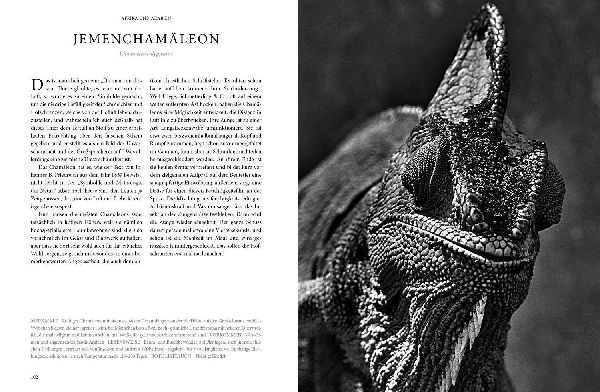 REPTILIA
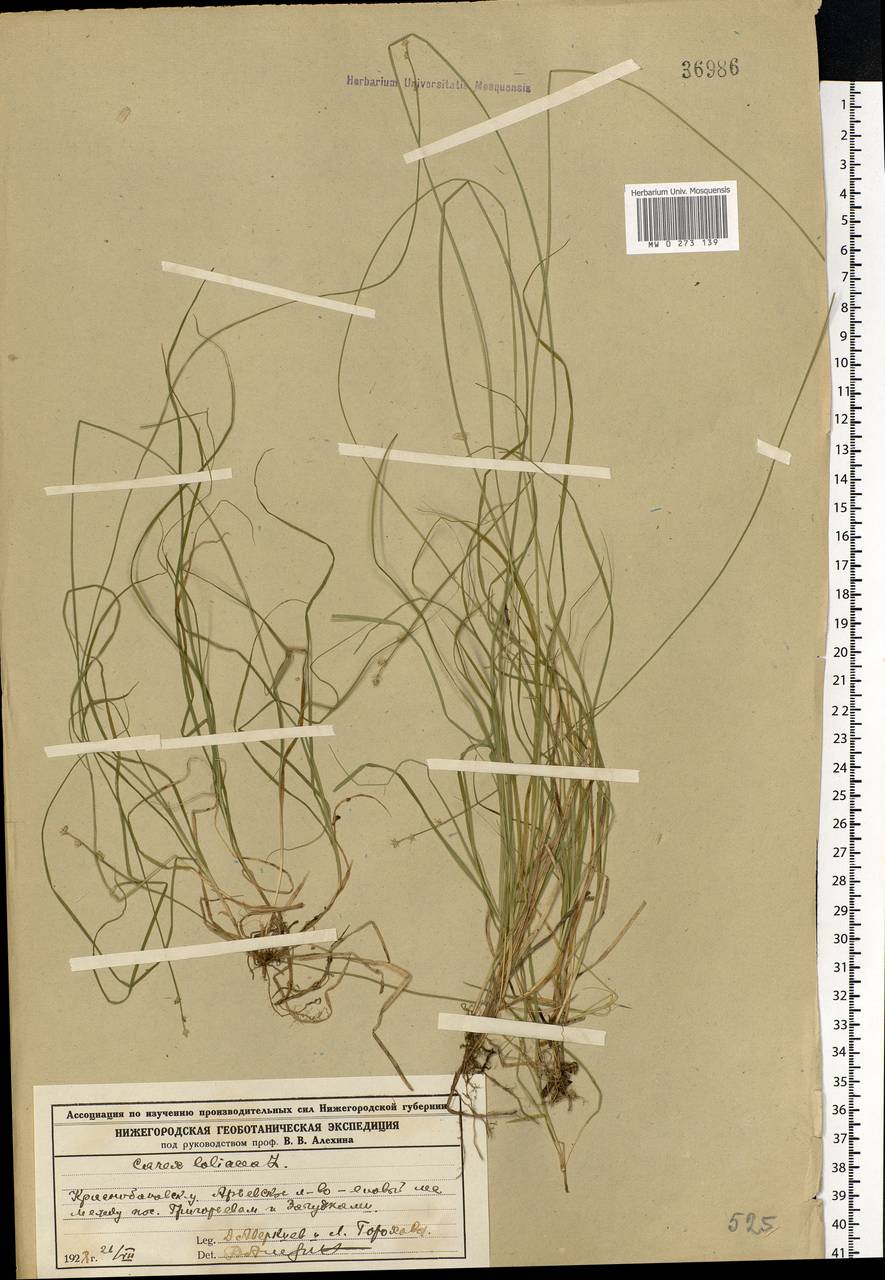 Carex loliacea L., Eastern Europe, Volga-Kama region (E7) (Russia)
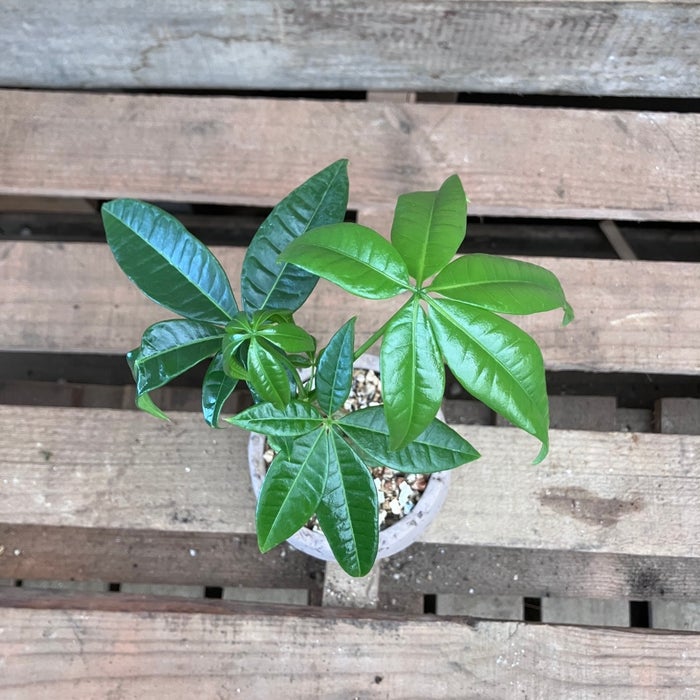 観葉植物現品販売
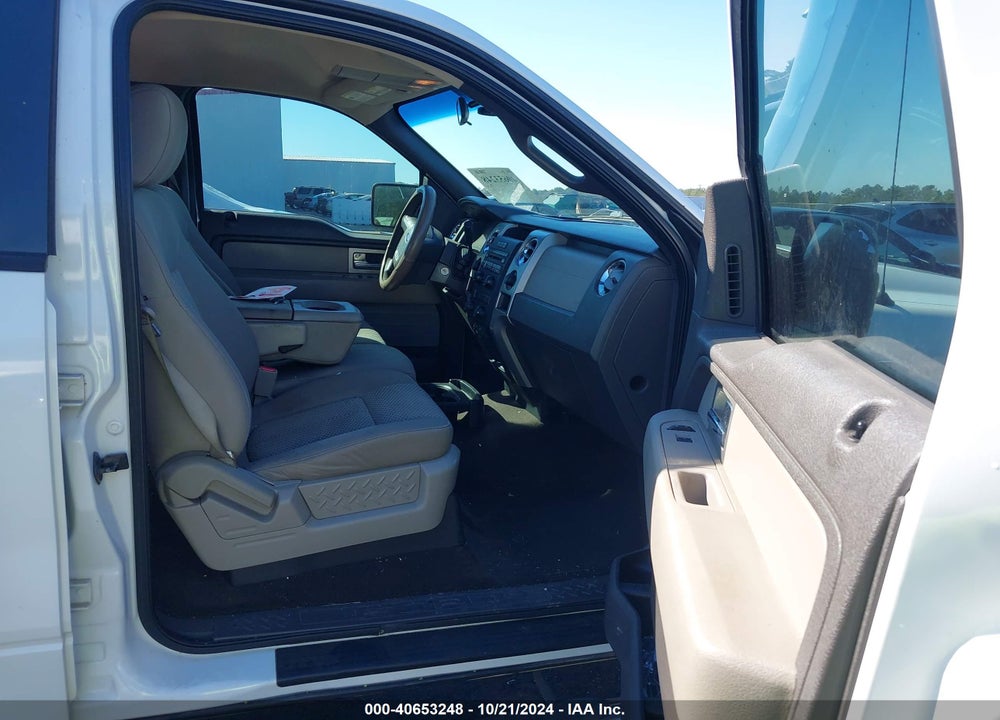2010 FORD F-150 XL/XLT VIN: 1FTEW1E88AFA29303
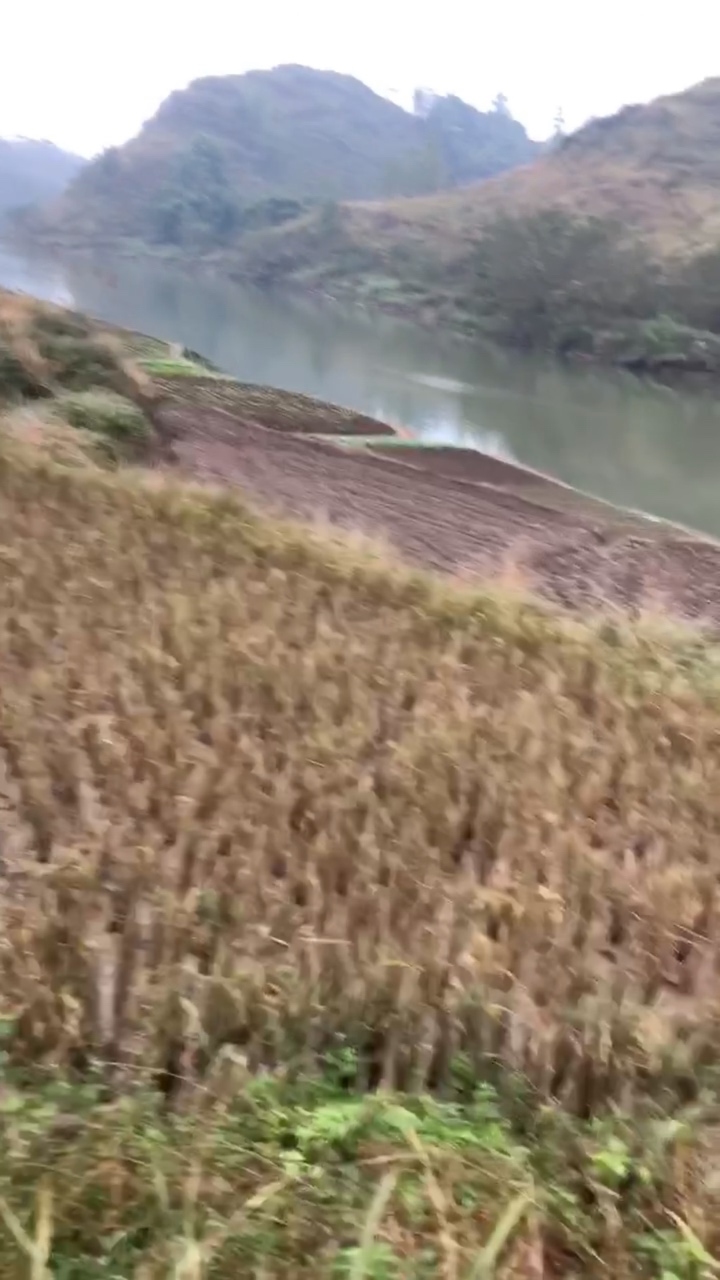 1637410857193679526.jpg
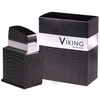 Flavia Viking Man - EDP 100ml Kvepalai Vyrams EDP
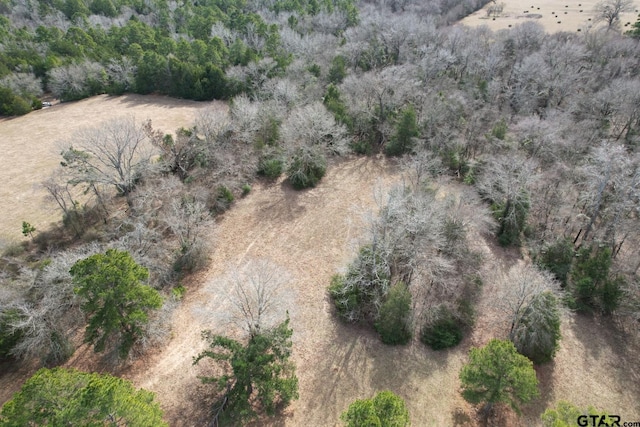 TBD County Road 435, Frankston, TX 75763 - photo 16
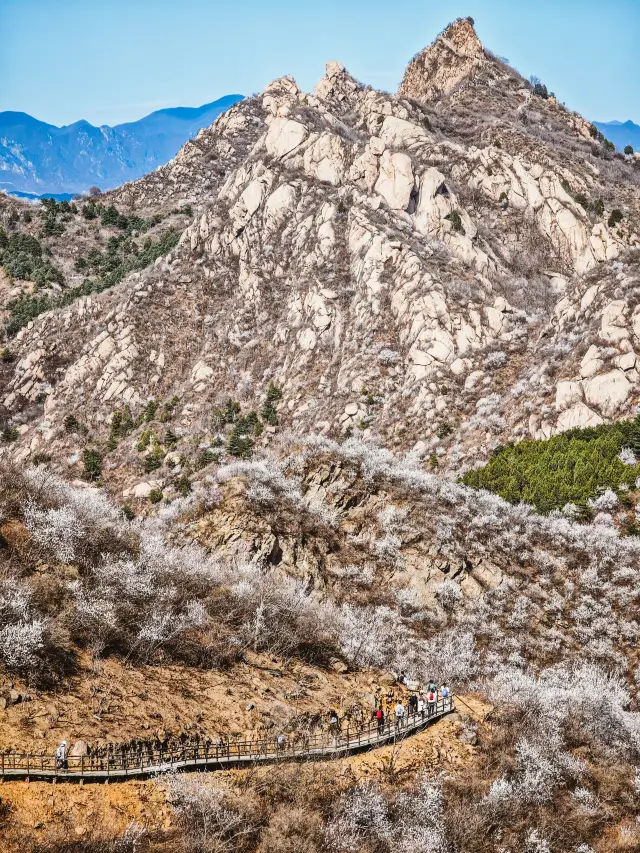 Peach blossoms surround the Wangbao River, the iron arm of Yanshan Mountain, and the pagoda forest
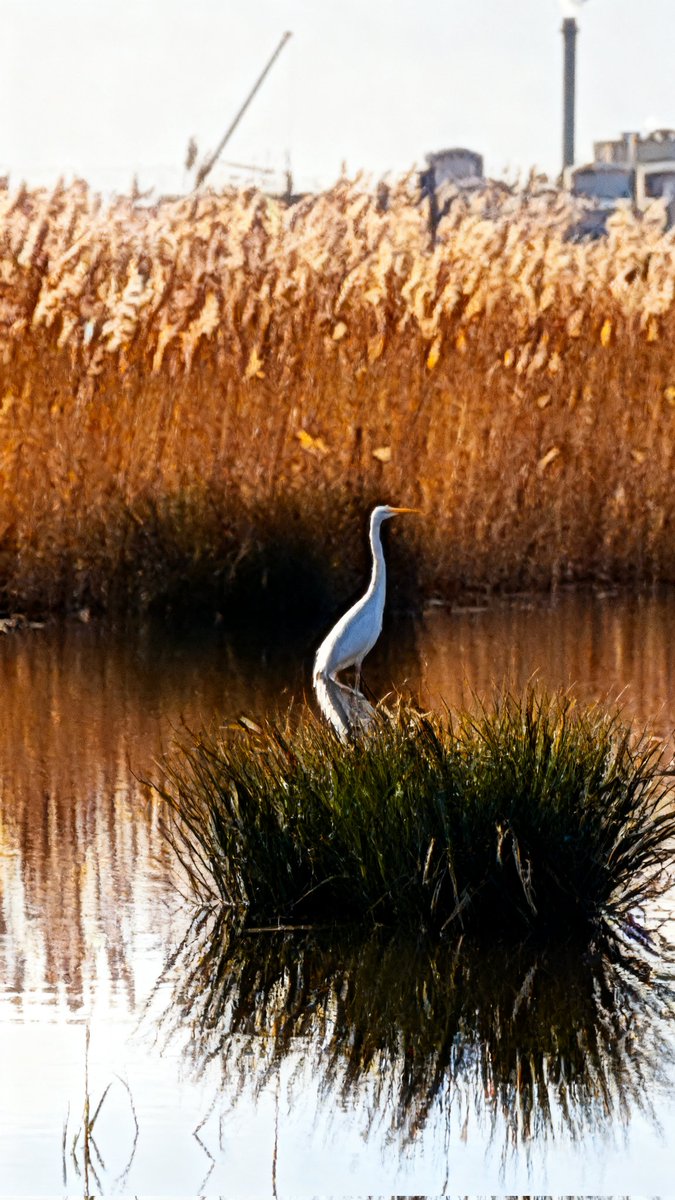 Steve Tandy tweet media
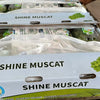 Green Muscat Grapes (10 Packs)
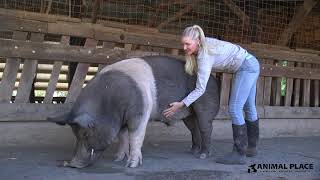 From Petting Zoo to Sanctuary: Mishka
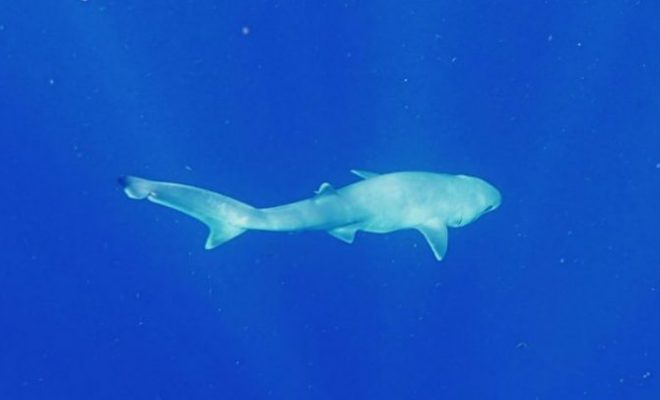 Researchers Identify New Species of Elusive Deep-Sea Shark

---------------

__Exercise brief__:
From top to bottom, restate the records above exactly and omit every picture.

__Answer for this exercise__:
 REPTILIA
 Carex loliacea L., Eastern Europe, Volga-Kama region (E7) (Russia)
 観葉植物現品販売
2010 FORD F-150 XL/XLT VIN: 1FTEW1E88AFA29303
 1637410857193679526.jpg
 Flavia Viking Man - EDP 100ml Kvepalai Vyrams EDP
 TBD County Road 435, Frankston, TX 75763 - photo 16
 Peach blossoms surround the Wangbao River, the iron arm of Yanshan Mountain, and the pagoda forest
 Steve Tandy tweet media
 Green Muscat Grapes (10 Packs)
 From Petting Zoo to Sanctuary: Mishka
 Researchers Identify New Species of Elusive Deep-Sea Shark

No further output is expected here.